- Exercise description:
In the entries below, begin at the line with "Hi everyone, so" and stop after the line with "There used to"; output those lines exactly and omit the pictures.

- Exercise materials:
□ □ □ □ □ □ □
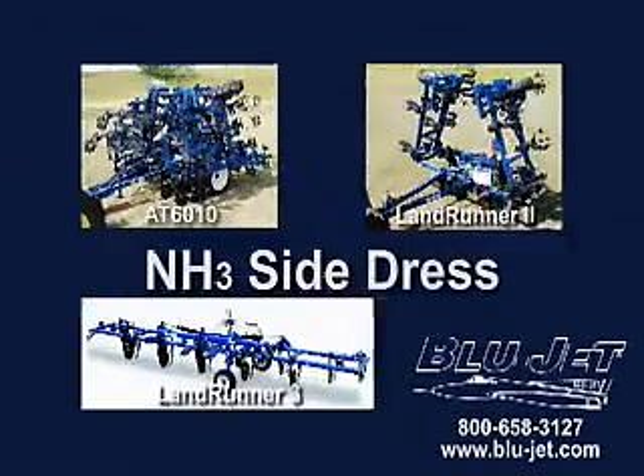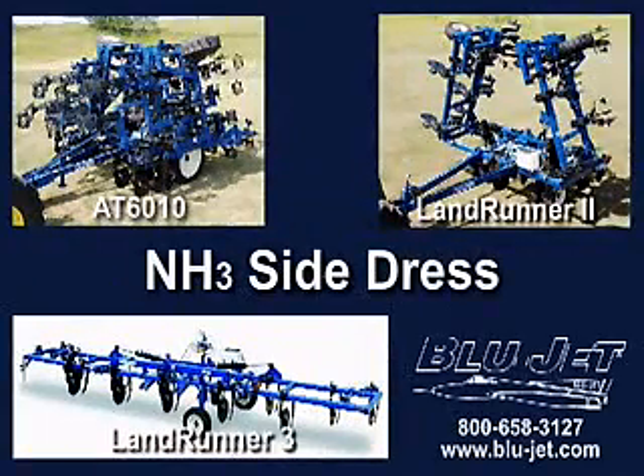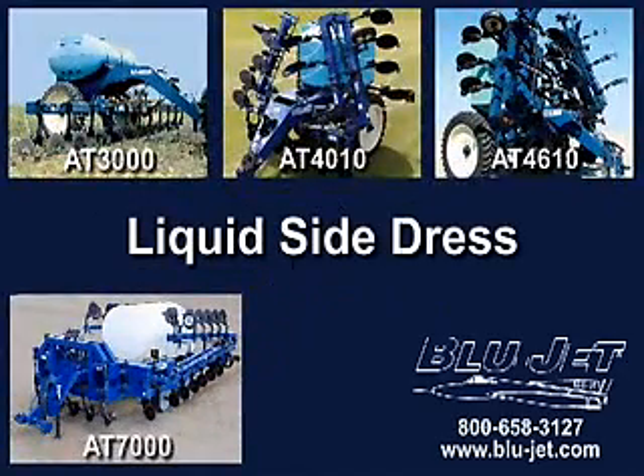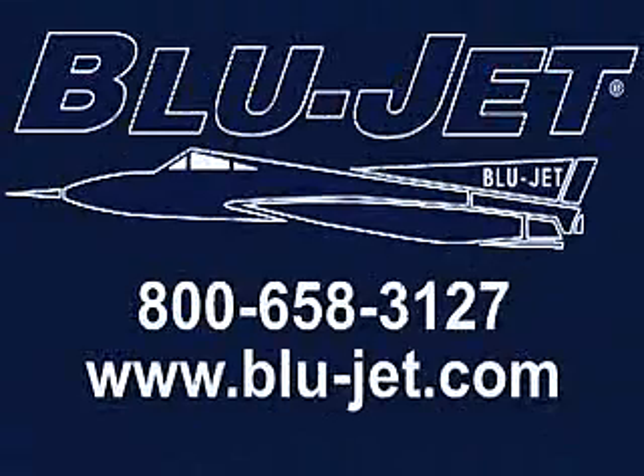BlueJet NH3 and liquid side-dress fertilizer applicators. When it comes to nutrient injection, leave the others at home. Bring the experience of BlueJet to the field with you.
□ □ □ □ □ □ □
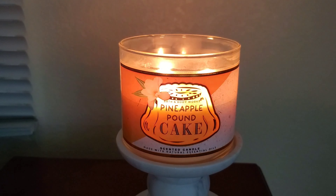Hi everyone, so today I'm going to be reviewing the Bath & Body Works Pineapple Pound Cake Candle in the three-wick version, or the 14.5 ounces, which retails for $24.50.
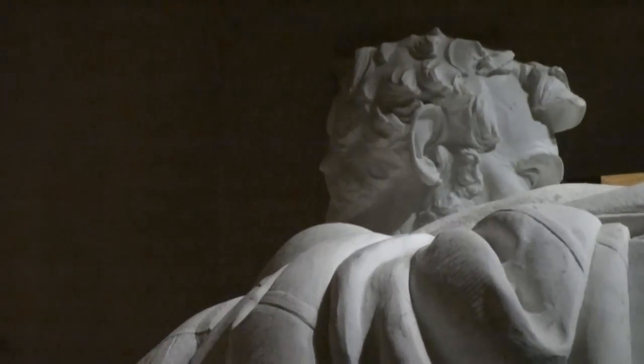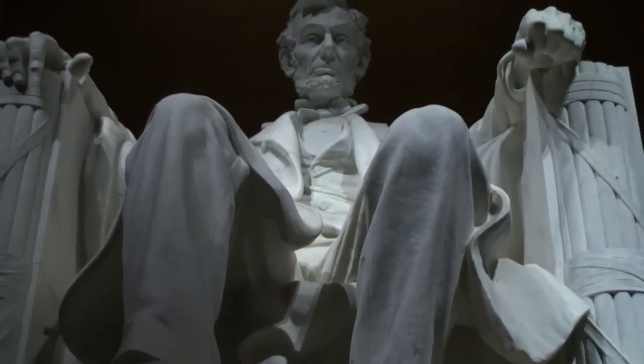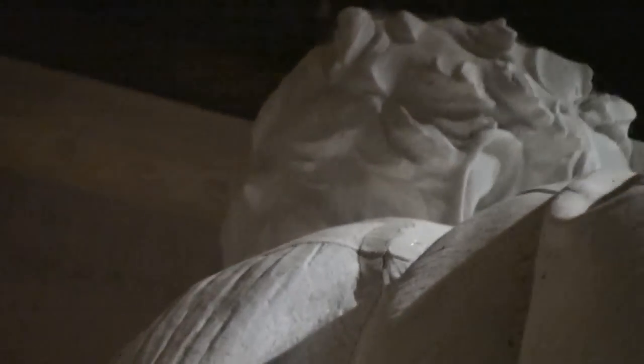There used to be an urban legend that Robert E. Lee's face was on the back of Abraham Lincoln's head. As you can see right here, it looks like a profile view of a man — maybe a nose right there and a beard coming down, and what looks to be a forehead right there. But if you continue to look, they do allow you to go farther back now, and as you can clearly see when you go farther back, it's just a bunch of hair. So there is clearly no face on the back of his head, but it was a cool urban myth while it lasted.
□ □ □ □ □ □ □
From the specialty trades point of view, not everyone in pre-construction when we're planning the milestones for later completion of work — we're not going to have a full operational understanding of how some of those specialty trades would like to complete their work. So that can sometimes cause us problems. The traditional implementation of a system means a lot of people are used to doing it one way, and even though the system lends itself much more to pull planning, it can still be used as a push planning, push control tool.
□ □ □ □ □ □ □
- Written answer:
Hi everyone, so today I'm going to be reviewing the Bath & Body Works Pineapple Pound Cake Candle in the three-wick version, or the 14.5 ounces, which retails for $24.50.
There used to be an urban legend that Robert E. Lee's face was on the back of Abraham Lincoln's head. As you can see right here, it looks like a profile view of a man — maybe a nose right there and a beard coming down, and what looks to be a forehead right there. But if you continue to look, they do allow you to go farther back now, and as you can clearly see when you go farther back, it's just a bunch of hair. So there is clearly no face on the back of his head, but it was a cool urban myth while it lasted.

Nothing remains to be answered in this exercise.